Michelle Bachelet y sus asesores en materias tributarias señalan que las circunstancias que dieron origen a nuestro sistema tributario en los ochenta han cambiado, que Chile es un país distinto y que lo que pudo haber sido bueno entonces ya no lo es hoy. A mí, en cambio, me parece que nuestra estructura tributaria es una idea extraordinaria, en muchos aspectos revolucionaria, y que al igual que el Unicornio azul, canción que el cubano Silvio Rodríguez escribió a principios de los ochenta, debiera perdurar más allá de las circunstancias que le dieron origen.
La posibilidad de que los accionistas de una empresa, grande, pequeña o mediana, puedan diferir el pago de los impuestos sobre las utilidades que son reinvertidas en sus negocios para generar más empleo y mejores salarios, es una característica de nuestro sistema tributario que fue introducida en los 80 y que ha sido admirada y alabada internacionalmente desde su implementación y lo es hasta el día de hoy.

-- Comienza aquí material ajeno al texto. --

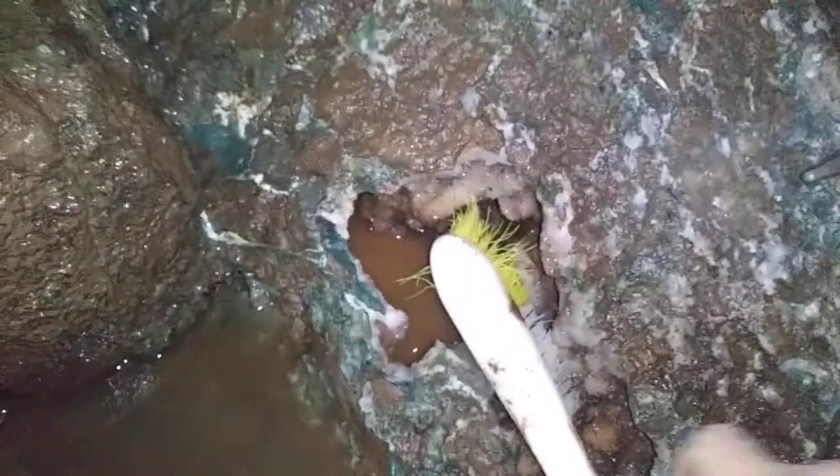If I grab my brush — that's how I get the water out because I don't have a better way — I'm just brushing the water out like this, putting a little bit of clean water in there, brushing it out, doing it a few times to get it cleaner.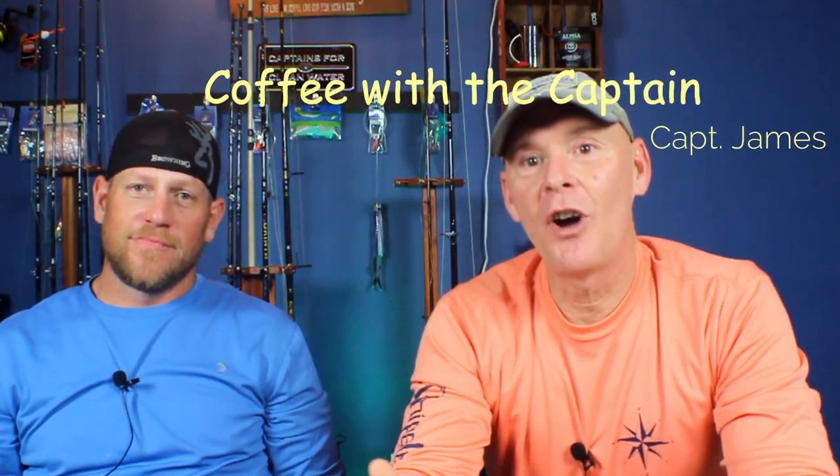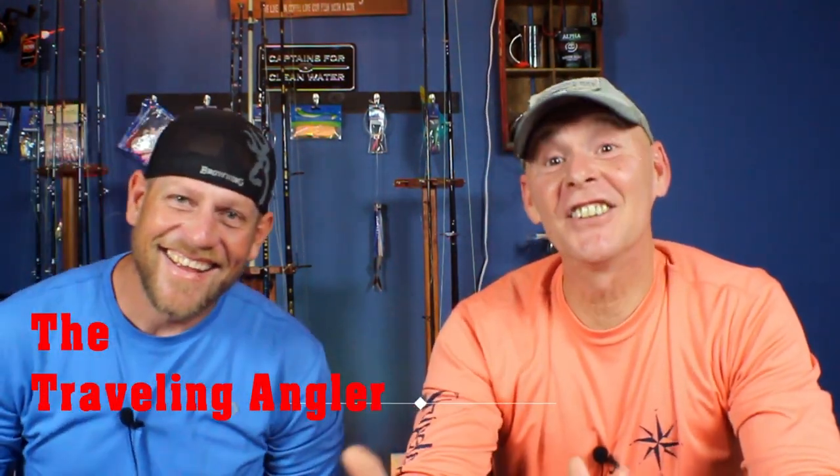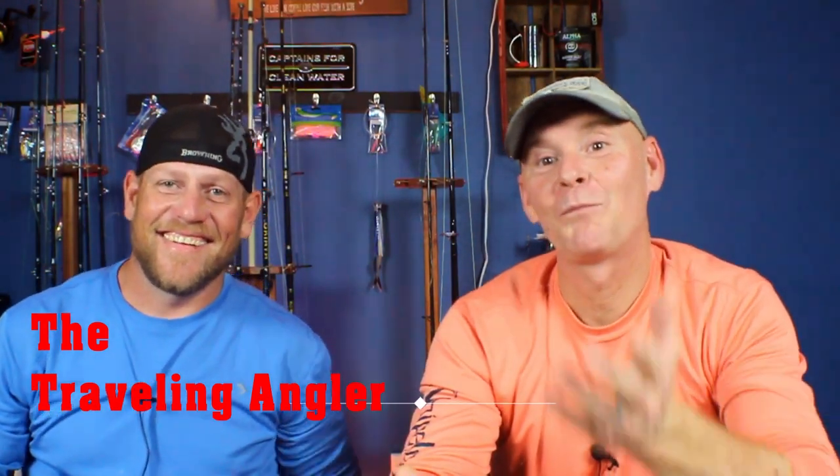Hey, how's it going? Welcome to another episode of Coffee with the Captain. Today I'm joined by my special guest Joel, the Traveling Angler. What's going on, brother? Good to see you.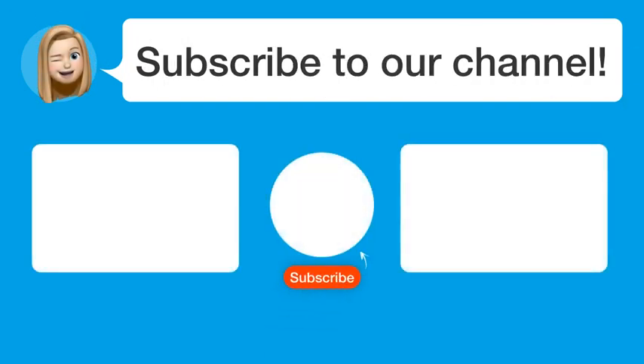Did you find this video helpful? By subscribing, you help us continue to answer users' questions. So subscribe to our channel. Thanks for watching and see you in the next video.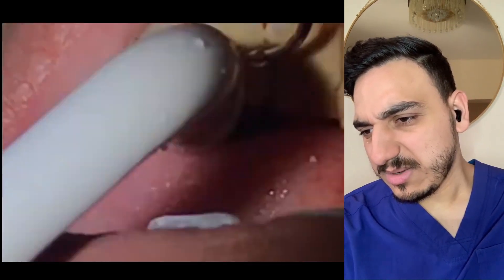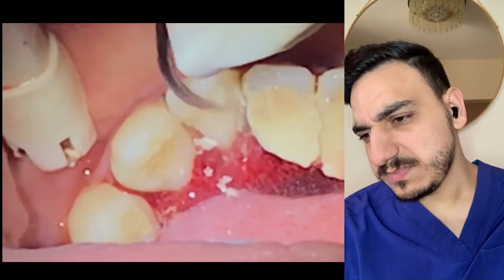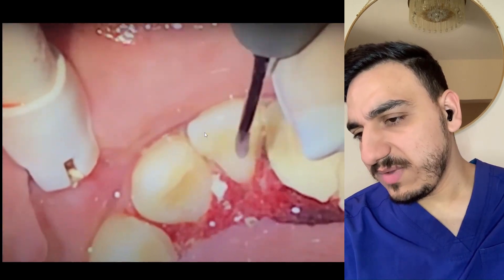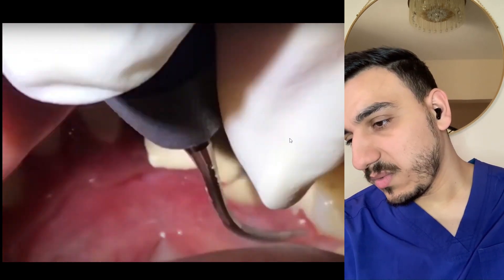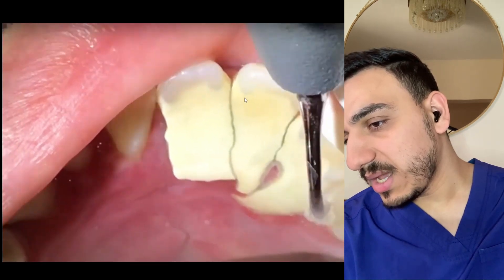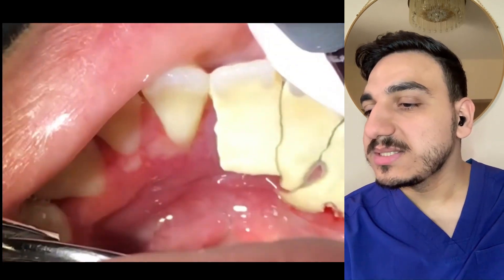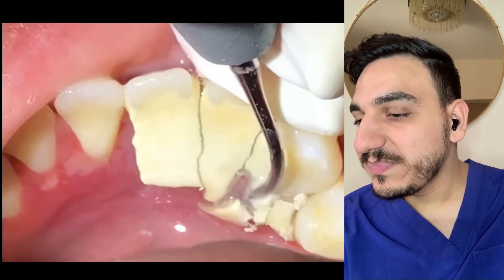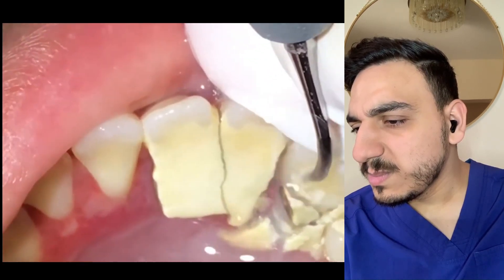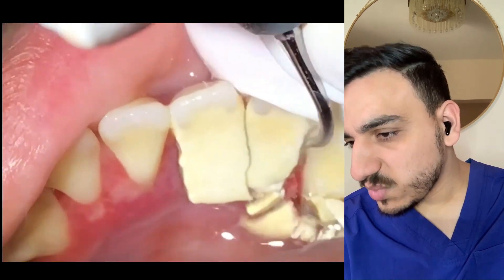Completely insane. As you can see, we're trying to remove even some calculus deposits on the top third of the tooth crown, because this is how far it's extending. It's really a bad case of calculus — we even need to clean those parts as well.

Note, por favor, que no se trata de que los accionistas no paguen impuestos sobre las utilidades. Por el contrario, el sistema los obliga a pagar todos los impuestos sobre las utilidades que se gastan hoy o en el futuro. La genialidad del sistema, que periodísticamente se ha popularizado como “el FUT”, es que los accionistas que usan las utilidades de sus empresas para comprarse autos caros, viajes y darse otros placeres de la vida, pagan instantáneamente los impuestos sobre esos ingresos, pudiendo llegar a ser dicho pago hasta un 40% de los ingresos percibidos. En cambio, a los accionistas que deciden ahorrar dichos ingresos para financiar inversiones en sus empresas, a costa de seguir manejando su mismo auto y postergar esas tan ansiadas vacaciones en el extranjero, se les premia permitiéndoles diferir el pago de impuestos sobre la porción ahorrada de las utilidades hasta que ellos decidan finalmente gastárselas.
Erróneamente, los asesores de la ex presidenta argumentan que este sistema pasó de moda, porque las empresas cuentan hoy con fuentes alternativas de financiamiento para sus inversiones, lo que es cierto, pero no es el punto. La clave del sistema está en el ahorro que genera y no en las alternativas de financiamiento. En el mundo abstracto de la economía teórica, es posible imaginar que el nivel de ahorro de un país no tiene relación con su nivel de inversión y crecimiento. Sin embargo, en el mundo real sabemos que hay límites bastante acotados al monto de los recursos que un país le puede pedir a otro para financiar sus proyectos de inversión. Dichos límites para un país como Chile bordean el 5% del PIB o, aproximadamente, US$ 14 mil millones de dólares al año. No obstante, nuestro país invierte cerca de 25% del PIB anualmente, o sea aproximadamente, US$ 70 mil millones. La diferencia, el nada despreciable guarismo de US$ 54 mil millones, tenemos que proveerla nosotros, con nuestros propios ahorros. Dichos ahorros provienen principalmente de los accionistas que, en vez de gastarse las utilidades de las empresas, las ahorran para luego invertirlas en nuevos proyectos.
En efecto, la principal fuente de ahorro en nuestro país son las utilidades no distribuidas de las empresas y el mal llamado FUT es un potente mecanismo de incentivo para que se produzca dicho ahorro. Es este mecanismo el que nos permite tener tasas de ahorro y de inversión cercanas al 21% y 25%  del PIB, respectivamente, y aspirar a crecer al 5% al año, mientras que países como Brasil tienen sólo tasas de ahorro del 15%, invierten un 17% del PIB y aspiran, con suerte, a crecer un 3% al año.
No cabe duda que Chile y el mundo han cambiado mucho en los últimos 30 años, pero las buenas instituciones, así como la buena música, no pasan de moda. Afirmar que hay que cambiar nuestro esquema de tributación a las empresas porque fue diseñado en los ochenta, es tan absurdo como decir que debemos dejar de escuchar Imagine, de John Lennon, o Father and son, de Cat Stevens, porque son canciones que se escribieron hace 40 años.